After the march, much of the contingent got together to sum up what we had accomplished. And the discussion also helped people deepen the understanding of how this was a critical part of building a revolutionary movement. First off we talked about the importance of our contingent clearly being about a revolution to emancipate all of humanity. This was completely different from the orientation of all the other forces involved who mainly focused on specific issues. A young person who is quite new to revolution actually captured this difference quite well when he said, after listening to numerous speeches from the stage about workers' rights. "Yeah, the way they treat you at work is fucked up, but we're talking about something way bigger than that."

The second point was that while, yes, we did get a positive response from many people, overall communism is still extremely controversial. And not just with the people who wouldn't buy Revolution or even engage us, but also among those who are in some ways drawn to the idea of revolution. This got us to a third point—what a huge difference an advanced revolutionary force makes in bringing people the understanding they need to act upon their desires for a better world. We talked about what we had accomplished with the modest numbers we had, and the qualitatively greater impact we could have had if our size had just been double what it was. How much stronger would our presence have been? How many more copies of Revolution could we have gotten out? How many more people could we have engaged and gotten to know?

Which led to our final point—we all really have to be communists to expand that revolutionary core. We have to challenge people to shed the blinders imposed by this system. We have to respond with substance to their questions and disagreements, while helping them see the world more scientifically. And we have to draw on Revolution newspaper and the works of Bob Avakian to lay out for people why communism is exactly what we need—based on summing up the enormous achievements of past revolutions, as well as their real weaknesses, and struggling with people to see how we can do much better next time. That is the immediate challenge we face. And our meeting ended with the youth planning to get together soon to begin systematically digging into Communism: The Beginning of a New Stage so they can meet that challenge.

***

Los Angeles: Marching During the Day, Celebrating in the Evening

From readers and distributors of Revolution/Revolución

On May 1, thousands of people, predominantly immigrants from Mexico, Central America and Asia poured into the streets in half a dozen marches throughout Southern California. Numbers were much smaller than the mega-marches a few years ago, but there was much enthusiasm, punctuated by the raucous chants of high schoolers who had walked out of a number of schools, with some teachers in the mix. The main chants kept things well within the framework, like "Obama Escucha, Estamos en la Lucha" and reflected the sentiment of pressure politics (pressuring Obama for immigration reform).

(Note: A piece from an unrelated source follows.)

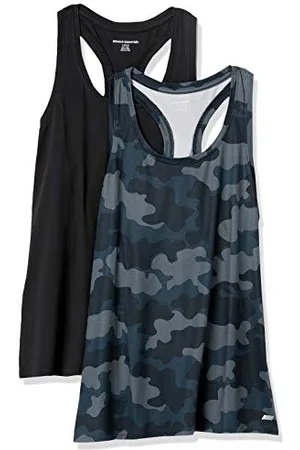 Amazon Damen Active Quick Dry Tech Stretch Racerback-Tanktop (in Übergröße erhältlich), 2er-Pack, , S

We organized teams and took out the RCP's Manifesto and the May 1 issue of Revolution. There was heavy promotion of Obama-lade, but we found people who were open. There were youth and students who were very unsatisfied with the politics coming from the stage. One college student said, "This is making me sick. Why are we begging Obama? We didn't do anything wrong!" And sections of youth found the tone of the marches politically suffocating. We engaged young people (and others) who argued for reformist solutions, and we got into why a revolutionary movement that aims for communist revolution is far more "realistic," and meaningful, than trying to "get in" on this capitalist way of life or pressuring the system to be more humane.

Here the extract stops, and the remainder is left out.